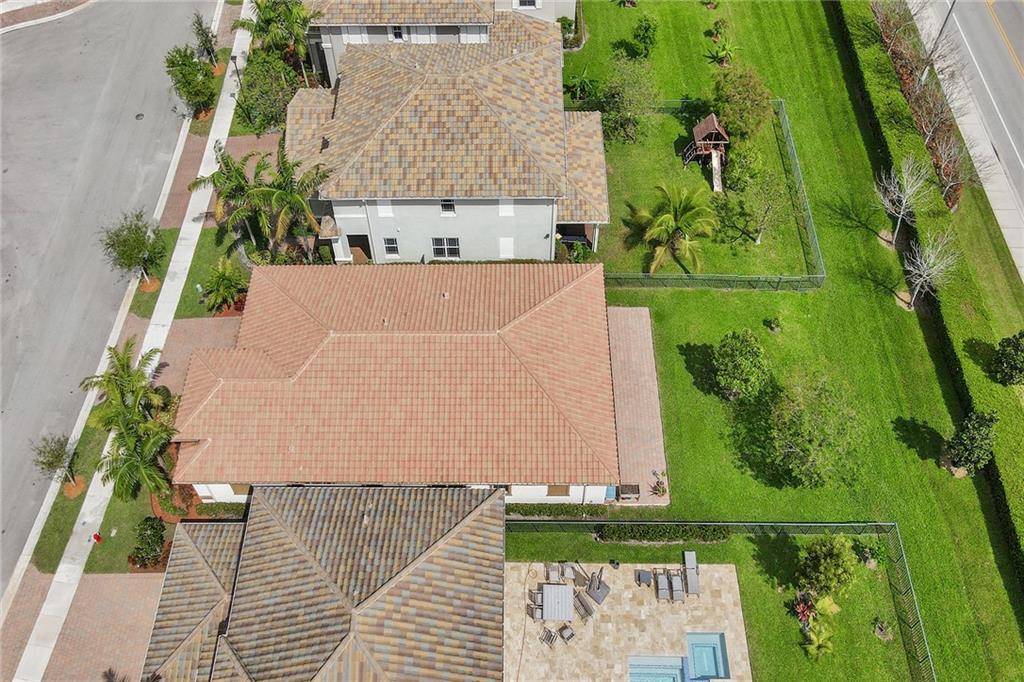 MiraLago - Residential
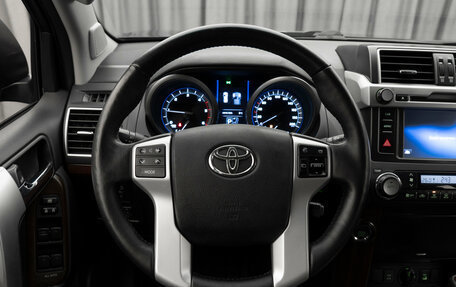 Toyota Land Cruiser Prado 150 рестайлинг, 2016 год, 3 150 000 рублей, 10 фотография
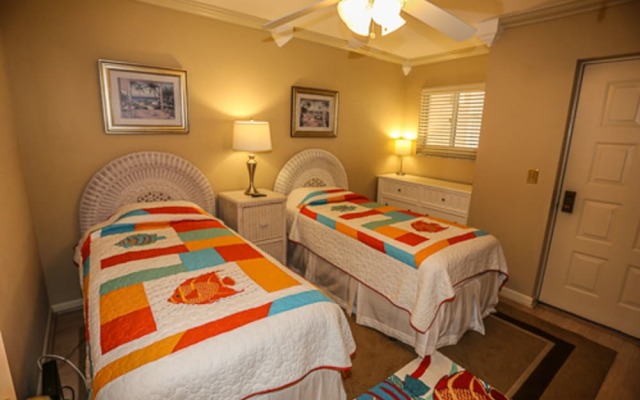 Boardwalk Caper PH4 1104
⁂
### [TASK INSTRUCTIONS]
Before copying the material, set its pictures aside; then transcribe it word for word.

### [TASK RESPONSE]
 MiraLago - Residential
 Toyota Land Cruiser Prado 150 рестайлинг, 2016 год, 3 150 000 рублей, 10 фотография
 Boardwalk Caper PH4 1104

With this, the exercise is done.